The required output is the lines from the one with "Cupping Attributes Poster - SCA" through the end of the data, repeated verbatim, with no pictures included.

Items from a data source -
*** Block opens ***

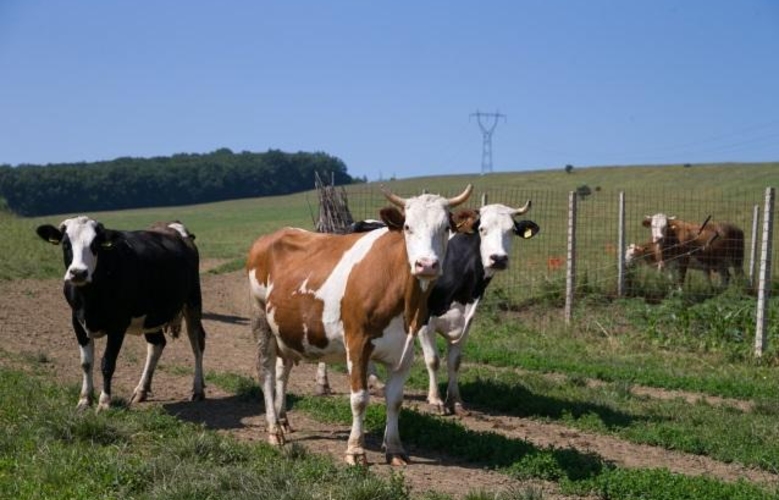 Симптомы сибирской язвы обнаружены ещё у одного человека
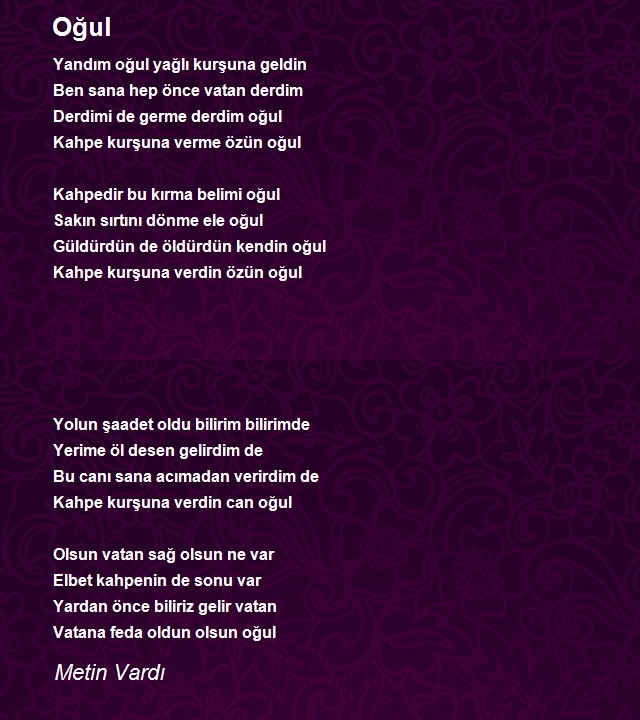Metin Vardı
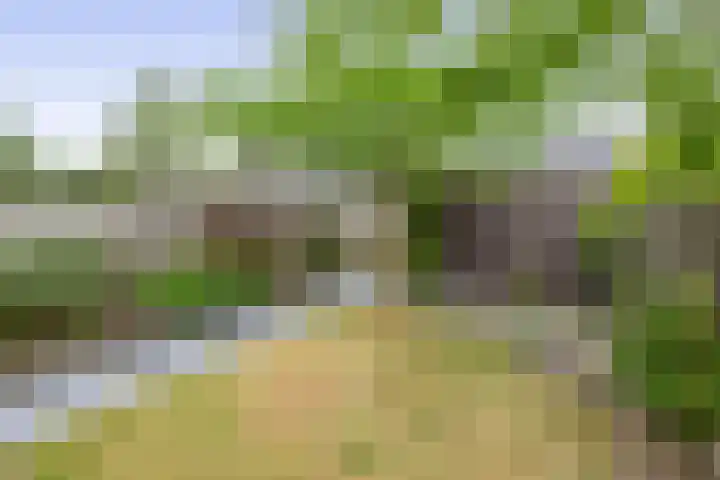 Zandhaai 58 Eindhoven thumbnail 43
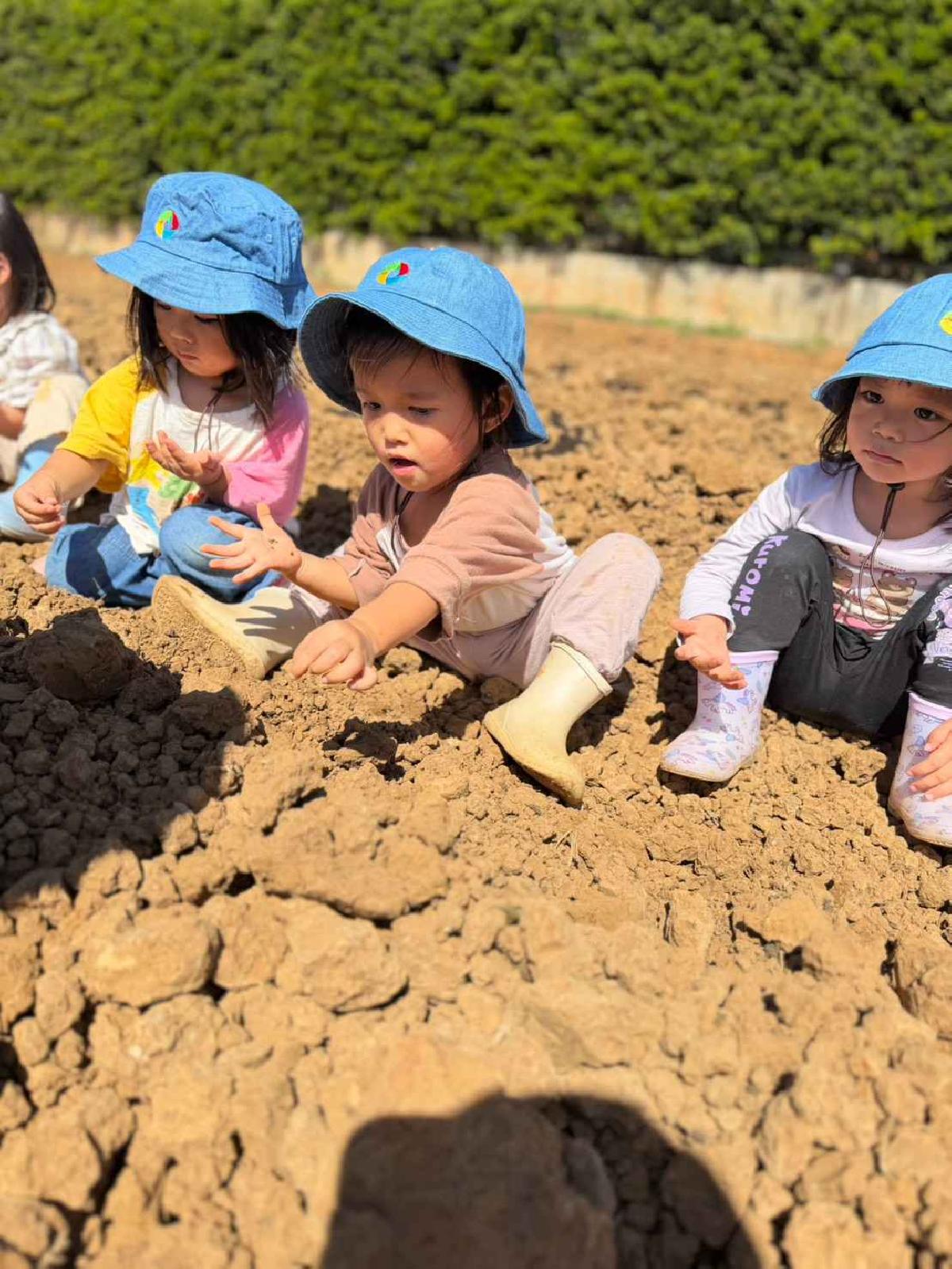 全園種菜頭花絮 (146)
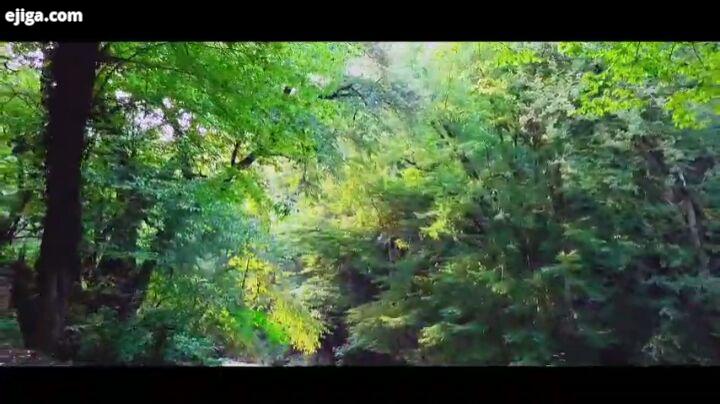 .تصویری زیبا از جنگل های هیرکانی ۴۰ میلیون ساله سوادکوه، مازندران که ثبت جهانی هم شده ما رو با هشتگ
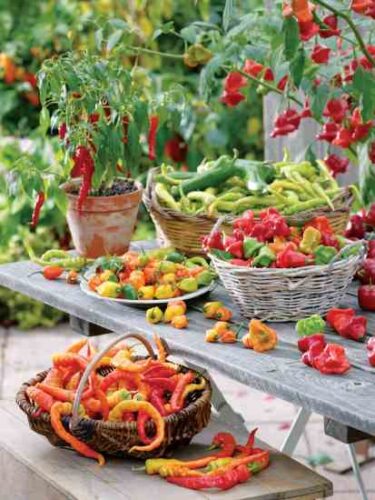 How to Grow Peppers, Sweet and Hot
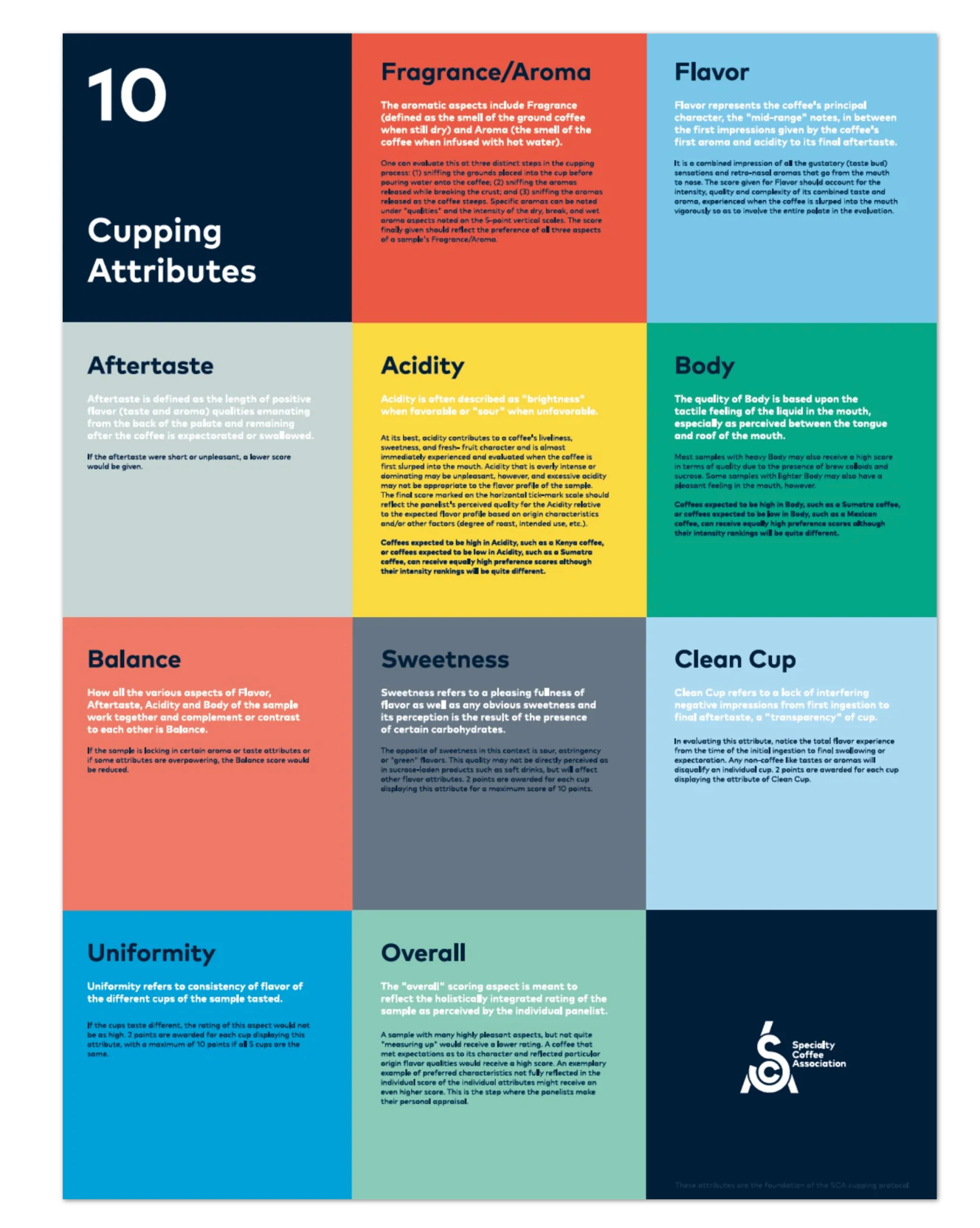 Cupping Attributes Poster - SCA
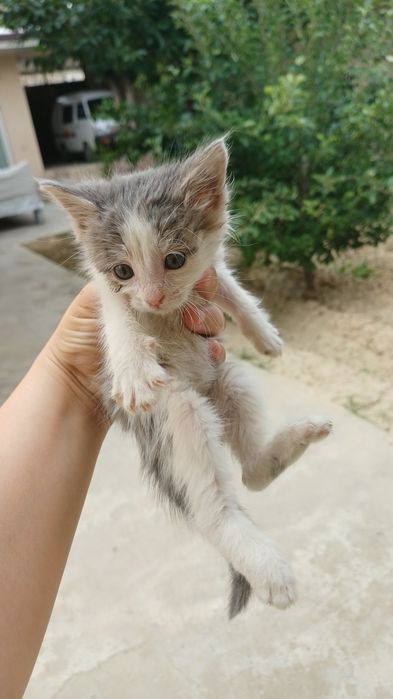 Отдам котят в добрые руки бесплатно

*** Block closes ***

RESULT -
 Cupping Attributes Poster - SCA
 Отдам котят в добрые руки бесплатно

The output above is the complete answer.